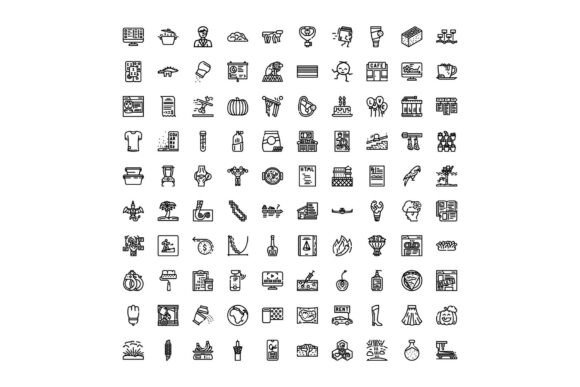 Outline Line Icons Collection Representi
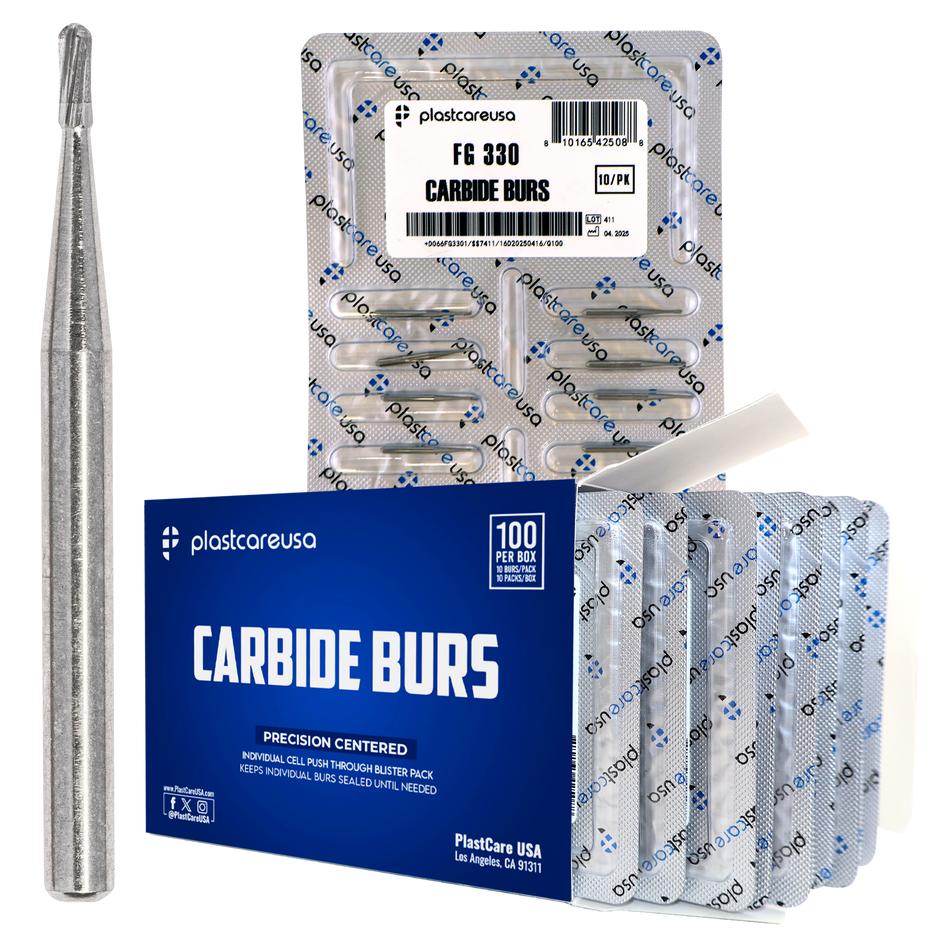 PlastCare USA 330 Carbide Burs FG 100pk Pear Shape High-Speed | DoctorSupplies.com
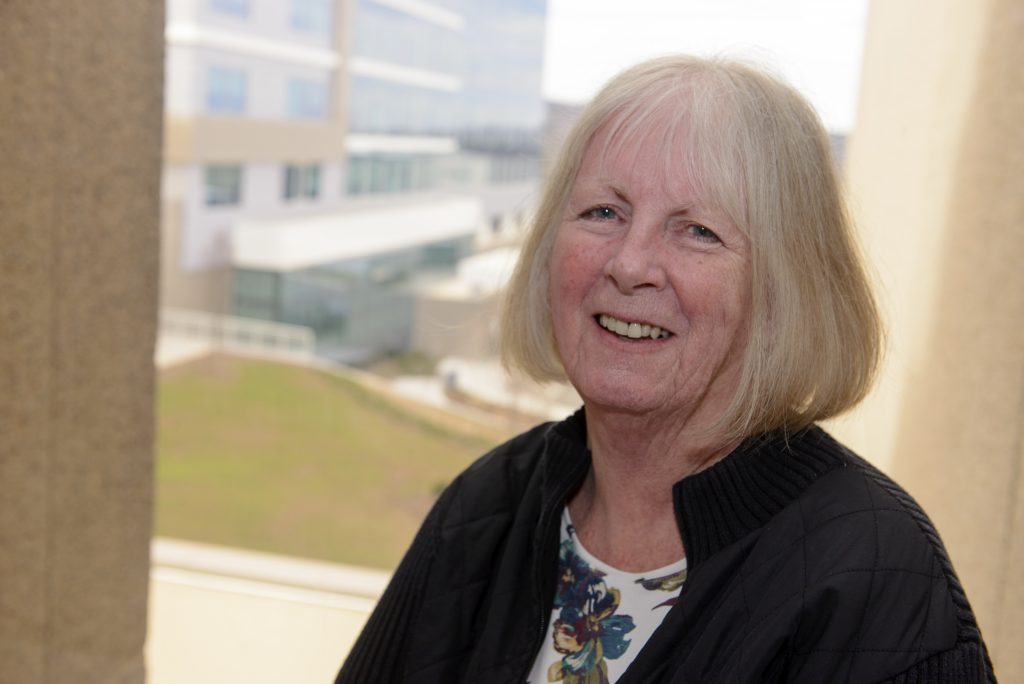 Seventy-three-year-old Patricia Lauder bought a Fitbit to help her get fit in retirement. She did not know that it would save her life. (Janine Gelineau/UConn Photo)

■ **Exercise brief**
Would you please repeat all the data word for word, but without the pictures?

■ **Written answer**
 Outline Line Icons Collection Representi
 PlastCare USA 330 Carbide Burs FG 100pk Pear Shape High-Speed | DoctorSupplies.com
 Seventy-three-year-old Patricia Lauder bought a Fitbit to help her get fit in retirement. She did not know that it would save her life. (Janine Gelineau/UConn Photo)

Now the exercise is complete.